I'm happy to announce that we have our first (but not last) iPhone* app! MilQuotes taps directly into the Army.ca quote database, allowing you view a random quote, search, report or even submit your own for approval. You can see MilQuotes in the iTunes App Store here:

View in iTunes

The app is $0.99**, but I will be firing out some promo codes this week so keep an eye on my twitter account.  There are plans for additional apps as well - one is just in the final stages of development and should be out later this month.

As always, your feedback and comments are welcome. If you are having troubles with MilQuotes, please post here. If you have questions/suggestions/comments on other Army.ca related apps***, please PM me.

Also available:

MilHist
MilTerms
Battle Procedure


Cheers
Mike

* ...or iPad or iTouch
** Army.ca nets about $0.27 per sale, so we won't be getting rich off this thing.
*** Yes, I'm looking into an AO app, but at the moment it doesn't exist nor does it have any substantial effort or planning behind it.


----------



## vonGarvin (21 Nov 2011)

Mike Bobbitt said:
			
		

> As always, your feedback and comments are welcome.
> 
> *** Yes, I'm looking into an AO app, but at the moment it doesn't exist nor does it have any substantial effort or planning behind it.[/size]



Android?
You know, for the Picards out here 








(Or is that what AO is?)


----------



## Mike Bobbitt (21 Nov 2011)

AO is Afghan Ops (the game).

No plans on Android in the near term... it was tricky enough getting an iOS development environment set up!


----------



## Bruce Monkhouse (21 Nov 2011)

I wish I knew what you were talking about half the time.........


----------



## Mike Bobbitt (21 Nov 2011)

So do I Bruce...


----------



## Pusser (22 Nov 2011)

If you search the App Store for "MilQuotes," it comes up with nothing.  You need to space it (i.e. "Mil Quotes").  It also requires iOS 4.3, which I don't have on my iPhone.


----------



## Mike Bobbitt (22 Nov 2011)

Agreed. It's easiest found searching for 'Military Quotes'. The intent is that this will be the intuitive search phase used for most folks trying to find an app like this. MilQuotes is the short name which displays better under the phone icon.

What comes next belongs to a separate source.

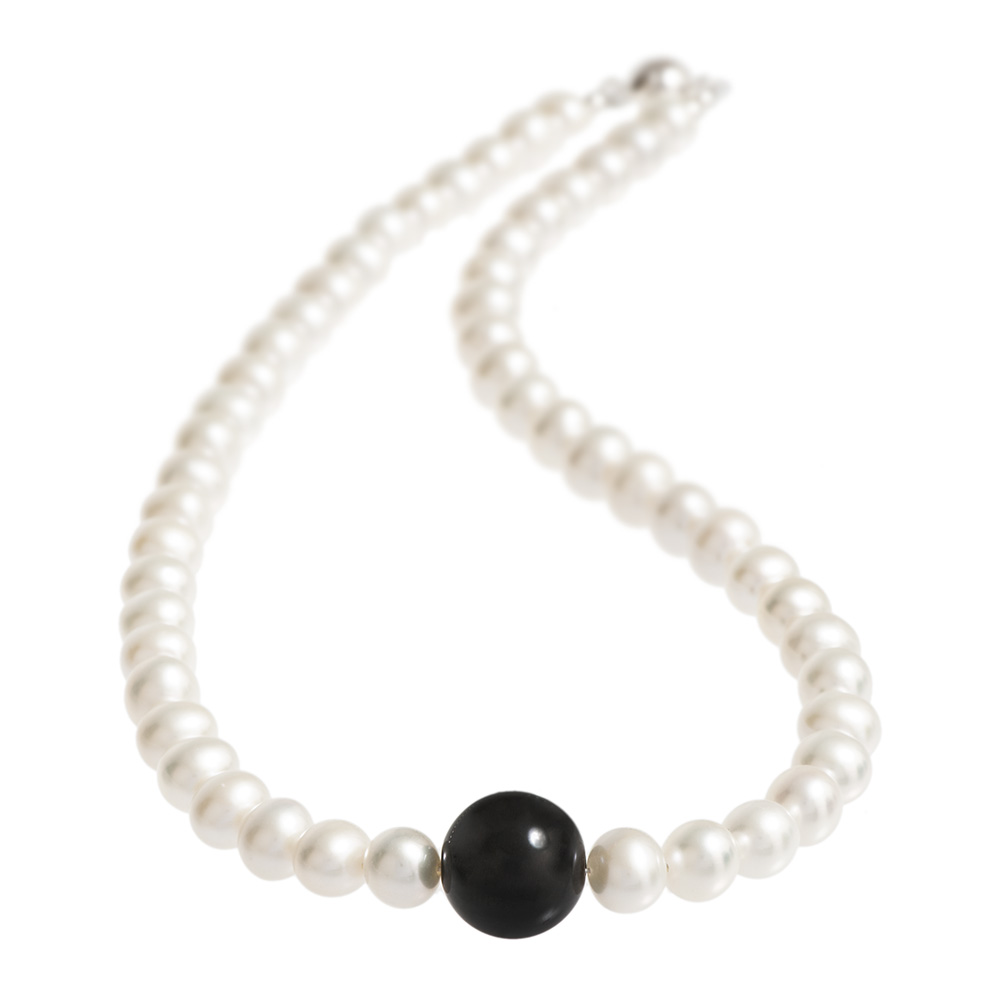 Beautiful White Pearls Necklace With Kundan Pendant & Green Onyx Beads -  Pure Pearls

I'm guessing you have an older model (iPhone 3/3G?) that can't be upgraded to 4.3? There was a conscious decision to try to make it as 'backwards compatible' as possible, but 4.3 has automated memory management which makes life a lot easier when writing the code.


----------



## Mike Bobbitt (7 Dec 2011)

V2.2 was released by the iTunes Store last night with some bug fixes for anyone who already has the app.


----------